• TRY IT
The entries below contain a line with "15. Edinburg niversitesi" and a line with "İl Emniyet Müdürümüz". Retype exactly everything from the first down to the second, both included, and nothing else.

• DATA RECORDS
....................

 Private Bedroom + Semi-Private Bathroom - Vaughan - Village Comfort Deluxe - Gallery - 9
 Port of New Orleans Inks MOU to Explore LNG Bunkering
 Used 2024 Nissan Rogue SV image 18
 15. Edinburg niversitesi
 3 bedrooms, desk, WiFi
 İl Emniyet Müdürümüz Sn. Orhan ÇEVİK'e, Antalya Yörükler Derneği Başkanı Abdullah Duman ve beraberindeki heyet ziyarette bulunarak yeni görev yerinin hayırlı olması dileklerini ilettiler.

....................

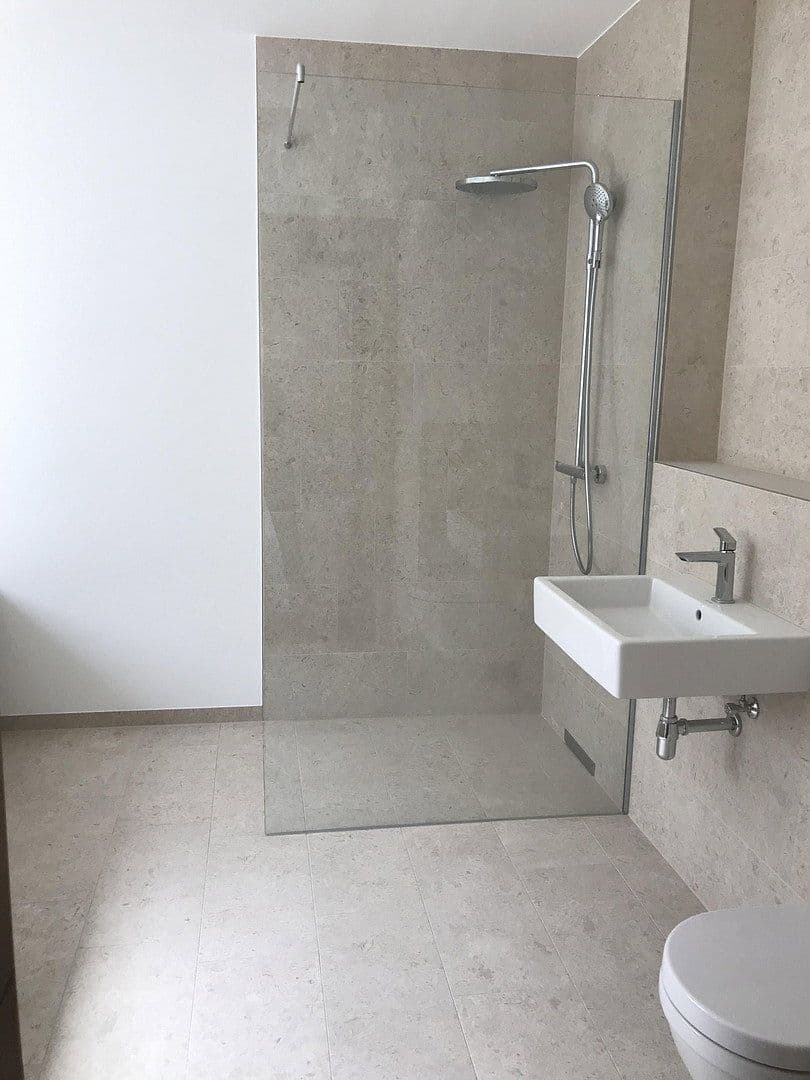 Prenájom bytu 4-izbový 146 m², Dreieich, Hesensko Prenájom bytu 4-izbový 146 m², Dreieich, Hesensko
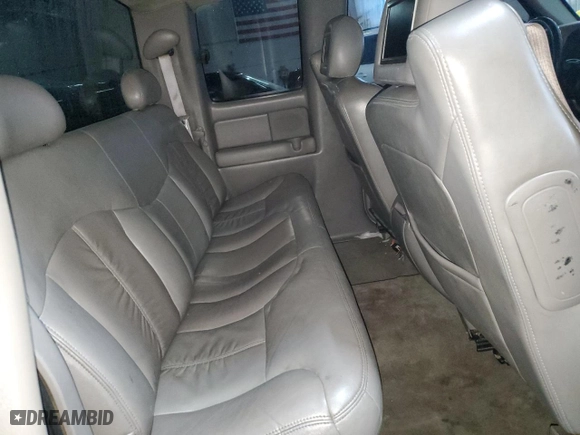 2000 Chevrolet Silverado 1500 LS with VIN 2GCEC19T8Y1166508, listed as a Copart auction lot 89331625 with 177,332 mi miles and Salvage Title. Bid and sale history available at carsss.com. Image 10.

....................

• SOLUTION TO THIS EXERCISE
 15. Edinburg niversitesi
 3 bedrooms, desk, WiFi
 İl Emniyet Müdürümüz Sn. Orhan ÇEVİK'e, Antalya Yörükler Derneği Başkanı Abdullah Duman ve beraberindeki heyet ziyarette bulunarak yeni görev yerinin hayırlı olması dileklerini ilettiler.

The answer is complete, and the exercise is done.